A supporto di quest’opinione ‘Sr’, di Lea Hartlaub (mercoledì 16 ottobre alle 20.45 al cinema Iride), che narra in voce fuori campo avvenimenti umani che hanno come leitmotiv la giraffa, viaggiando attraverso gli archivi e le immagini di paesi sparsi in tutto il mondo. Un documentario caleidoscopico interessante nel suo voler essere contemplativo, ma eccessivamente televisivo e soprattutto prolisso nell’esposizione e nella struttura filmica; talvolta brillano frammenti di quotidianità anche piacevoli e profondi nella loro implicità, ma non bastano a tenere in vita l’interesse dello spettatore, assoggettato a una visione dispersiva e poco convincente.

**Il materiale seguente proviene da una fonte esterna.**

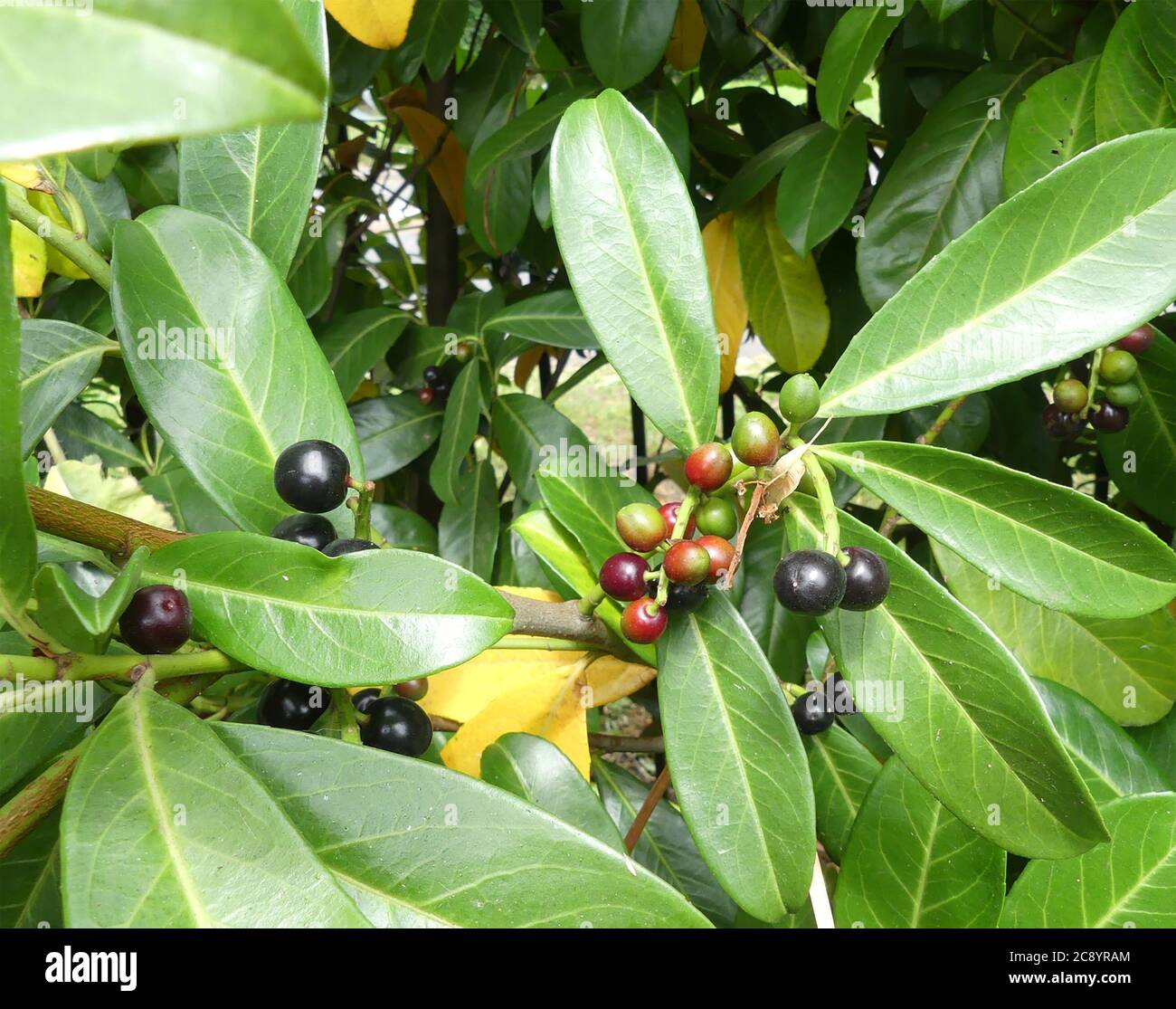 PORTUGAL LAUREL Prunus lusitanica. Photo: Tony Gale Stock Photo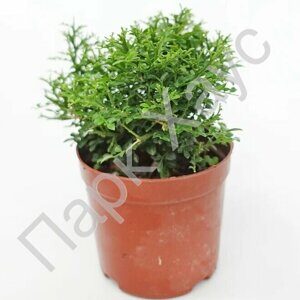 Murraya paniculata 'Dwarf' box
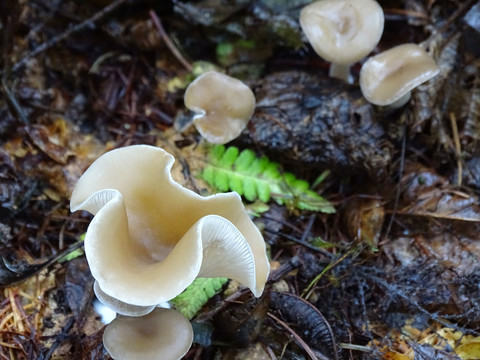 长白山野蘑菇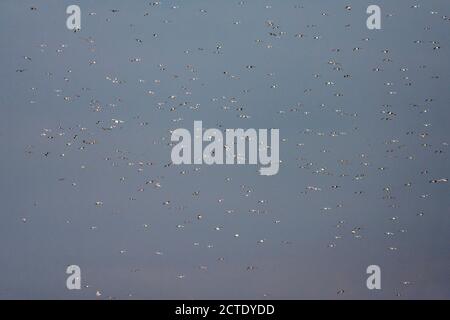 herring gull (Larus argentatus), Super many gulls, including European Herring Gull, hanging in the air, Netherlands Stock Photo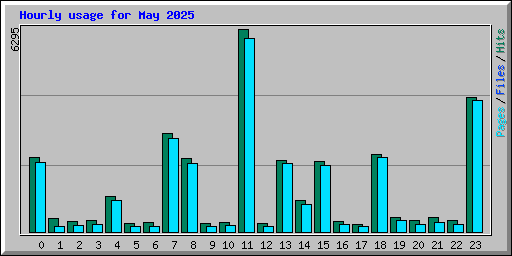 Hourly usage for May 2025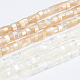 Fili di perle di conchiglia trochid naturale / trochus SSHEL-L016-13-1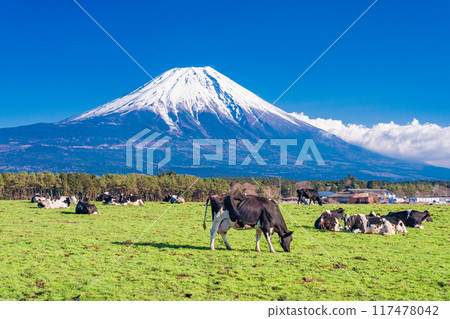 [Shizuoka Prefecture] Asagiri Plateau Ranch and Mt. Fuji 117478042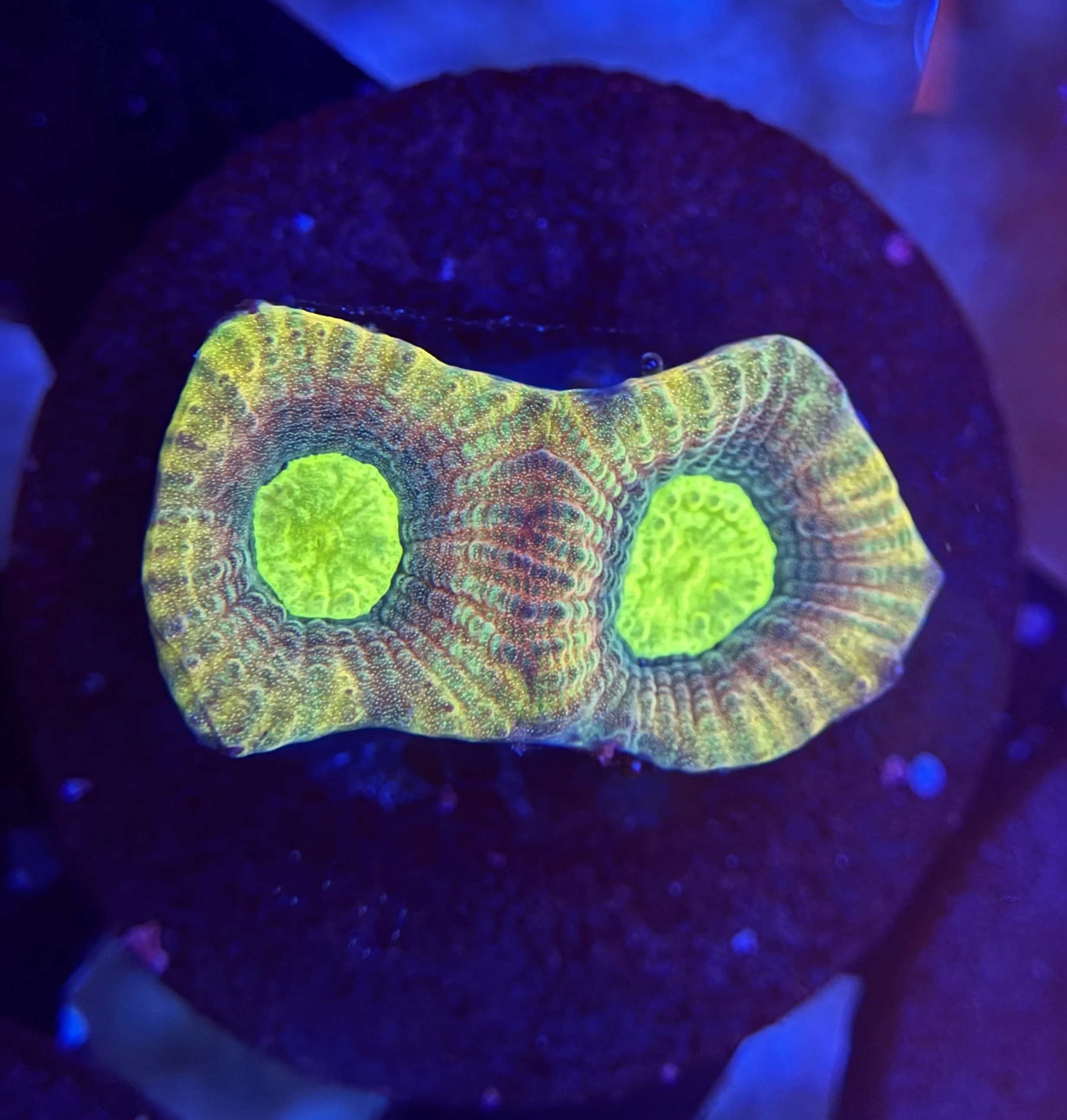 Prism Favia Frag 003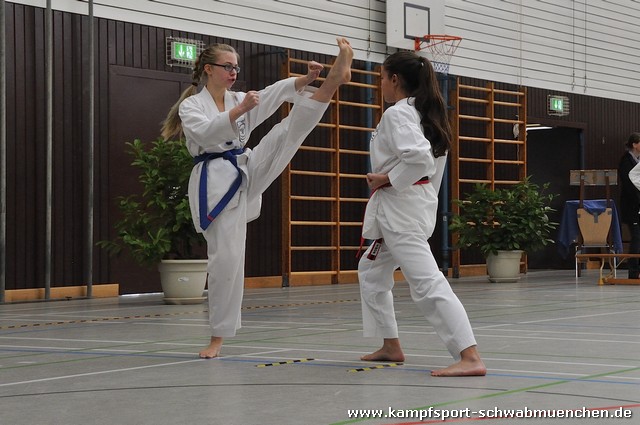 Taekwondomeisterschaft_Lauingen_11_2015_029.jpg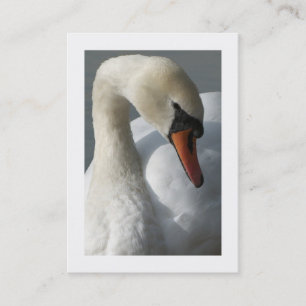 Schwan (grenzt) visitenkarte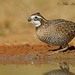 Northern Bobwhite - Photo (c) Mike Hannisian, some rights reserved (CC BY-NC)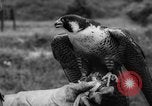 Immagine di La Falconeria Austria Foresta Nera, 1959, secondo 33 filmato di repertorio 65675046563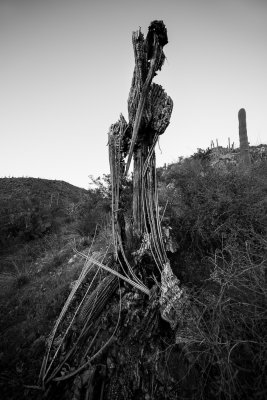 The skeleton of a Saguaro cactus. CZ2A9425.jpg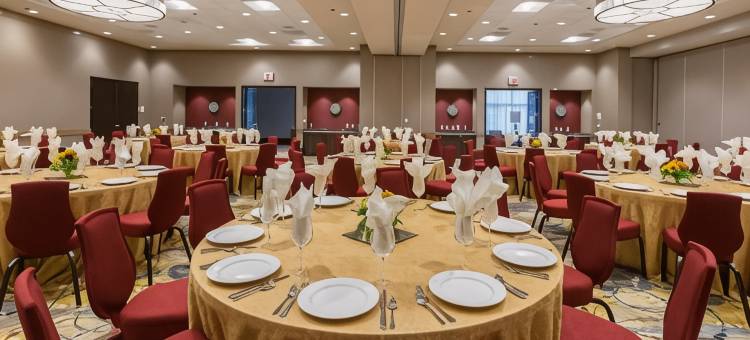 Crowne Plaza 雪兰(Crowne Plaza Shenandoah - Woodlands Area)图片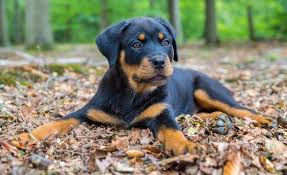 Browse 2,877 rottweiler stock photos and images available or search for rottweiler puppy or rottweiler isolated to find more great stock photos and pictures. How Much To Feed Rottweiler Puppy 4 Week 6 Week 8 Week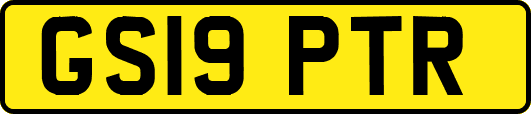 GS19PTR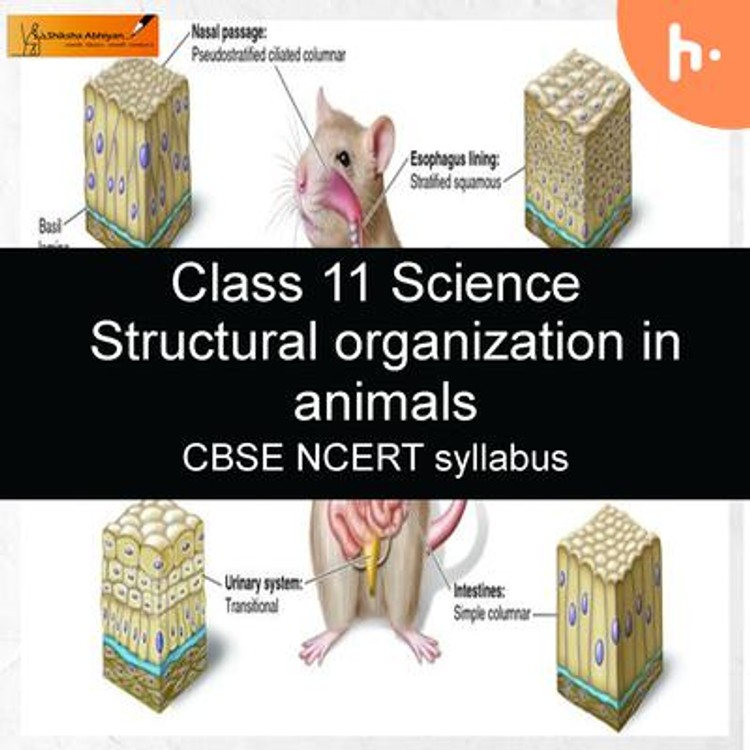 Theory part 1 | CBSE | Class 11 | Biology | Structural Organization in ...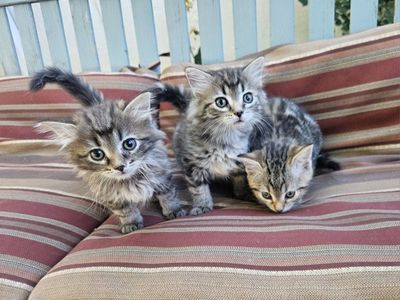 Sweet Baby Kittens - Litter Trained & First Shots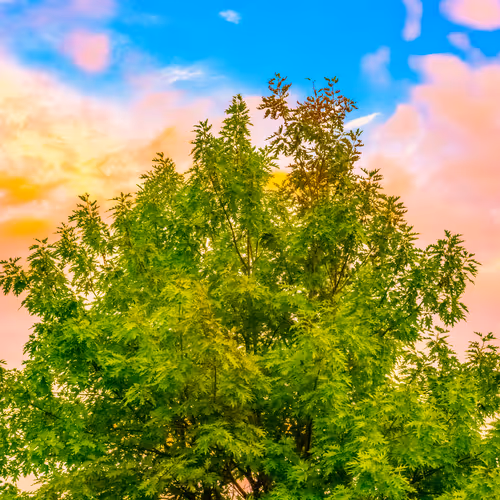 Item #35965218379738729691291467168286792303482134167127854404987491561396622065665 Media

Intanto, molto lontano, laggiù in quell’area dimenticata tra il Mar Nero e il Mar Caspio, gli animali non esistono, eccezione fatta per qualche uccello che riesce a sorvolare le bombe al fosforo. ‘The Black Garden’, di Alexis Pazoumian, ci costringe a distogliere un attimo lo sguardo e spostarlo verso l’Armenia, in particolare la regione a sud del Nagorno Karabakh, ora Azerbaijan, teatro di una guerra che si protrae da generazioni, dove i cani e i gatti sono sostituiti dalle bombe a mano e i kalašnikov. Abcasia, Ossezia del sud, in Georgia, l’ormai ex Repubblica dell’Artsakh – territorio dove si svolge il film – e persino l’Armenia stessa: questa la lista degli stati a riconoscimento limitato di quel triangolo delle Bermuda di esseri umani, quel giardino nero dove una lunga serie di guerre si è svolta fino a oggi. Avo e Samvel sono due bambini del Nagorno Karabakh, costantemente bombardati da una propaganda bellica che non riescono veramente a comprendere, persino a scuola, dove imparano inni patriottici, a utilizzare fucili e a prendersi cura di loro, come se fossero fedeli animali da compagnia. Altrove, Erik, che ha perso una gamba nell’esplosione di una granata, attende solo il ritorno della sua richiamata alle armi, anche perché a una parte di lui manca il compagno carrarmato, con cui ha passato due anni a difendere i confini dagli attacchi azeri. Un giovane pieno di vita, artigiano che lavora microsculture e cantante in un gruppo popolare, ma quel dolore fantasma gli ricorda costantemente il suo destino: tenersi sempre pronto per combattere e morire nell’eterno conflitto.

‘The Black Garden’ (mercoledì 16 ottobre alle 18 al cinema Iride) è un diario intergenerazionale che riesce a esse drammatico senza essere tragico; ripercorre la lunga serie di eventi scatenanti l’esodo della popolazione presente nella regione del Nagorno Karabakh, solo un anno fa, ma soprattutto che hanno progressivamente normalizzato il conflitto in tutti gli abitanti. Il lato tecnico impeccabile e la capacità di catturare l’apatia e la rassegnazione dei personaggi, si agganciano al senso di impotenza veicolato dal messaggio, portando a chiederci a cosa servono la Nato, l’Onu, l’Oms e la Convenzione europea dei diritti dell’uomo, quando i diritti umani vengono calpestati impunemente, e a quale scopo essere uniti, se non si impiega quella forza per difendere chi viene oppresso.